Suppose I have a ray in 3d space with an origin at $(x_0, y_0, z_0)$ and direction $(a, b, c)$. This can be represented with the following equation
$\frac{x-x_0}{a} = \frac{y-y_0}{b} = \frac{z-z_0}{c}$
And suppose I have another function in 3d space,
$y=sin(x)+cos(z)$
Assuming the intersection points between the straight line and the surface, how do I find the point (or a close approximation) closest to $(x_0, y_0, z_0)$ that these two entities intersect?
My understanding is I can rework the ray into the following:
$x = \frac{a}{b}(y-y_0)+x_0$
$z = \frac{c}{b}(y-y_0)+z_0$
Then plug those equations for x and z into the sinusoidal function,
$y = sin(\frac{a}{b}(y-y_0)+x_0) + cos(\frac{c}{b}(y-y_0)+z_0)$
Rearrange it and set it equal to 0:
$f(y) = sin(\frac{a}{b}(y-y_0)+x_0) + cos(\frac{c}{b}(y-y_0)+z_0) - y $
And this new function $f(y)$ represents the distance of a point on the ray from the original sinusoidal function. So I'd want to find $y$ where $f(y) = 0$. Finally I could plug the discovered $y$ value back into the ray equations to get $x$ and $z$.

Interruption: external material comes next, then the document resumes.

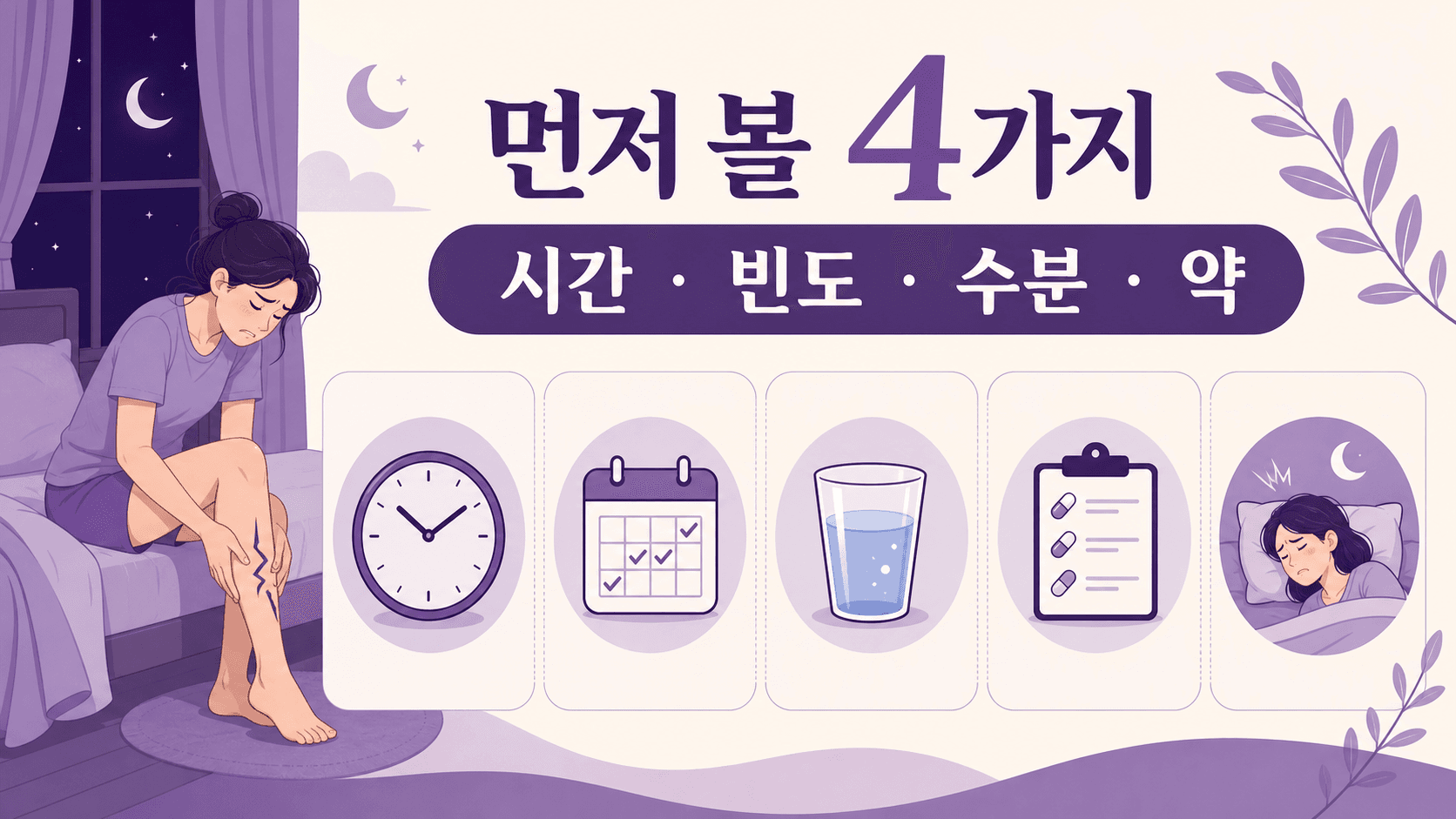 밤에 종아리 쥐가 날 때 마그네슘 전 먼저 볼 4가지 기준 이미지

Am I on the right track, and how would I find $f(y)=0$?
In general (see remark below), the straight line intersects the surface in a finite number of points.

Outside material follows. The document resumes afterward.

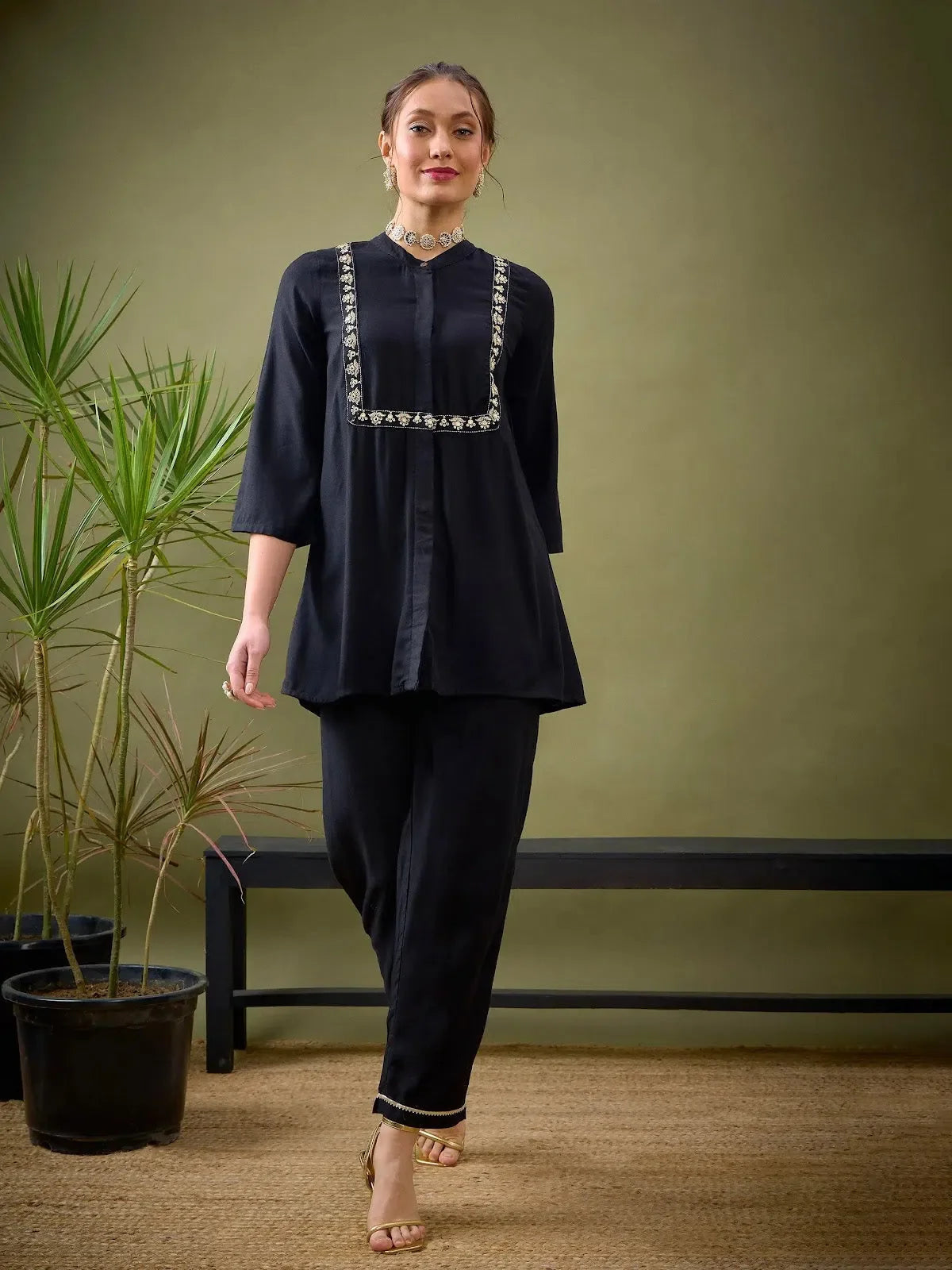 Black Embroidered L-Shape Shirt & Palazzos - Indian Suits Set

Fig. 1 : A case with 3 intersection points. Point $(x_0;y_0;z_0)$ is figured as a little circle.
You are right when you look for solutions to your equation
$$y = \sin\left(\frac{a}{b}(y-y_0)+x_0\right) + \cos\left(\frac{c}{b}(y-y_0)+z_0\right)$$
But solutions $y_k $ of (1) w haven't to be plugged into parametric equations $x=... ; z=...$
It suffices
1) To consider them as abscissas on the straight line (variable $y$ can be thought as a sort of time variable). Then select, among all $y_k$s, the smallest one say $y_{min}$ in absolute value (avoiding in this way any real distance computation with formulas such as $\sqrt{(...)^2+(...)^2+(...)^2}$).
2) Then to plug this unique value of $y_{min}$ into the parametric equations in order to get $x_{min}$ and $z_{min}$.
Remark : In the exceptional case where the straight line is parallel to the $x-z$ plane :
either there is an infinite number of solutions (but the previous method can still be applied)
or there is no solution.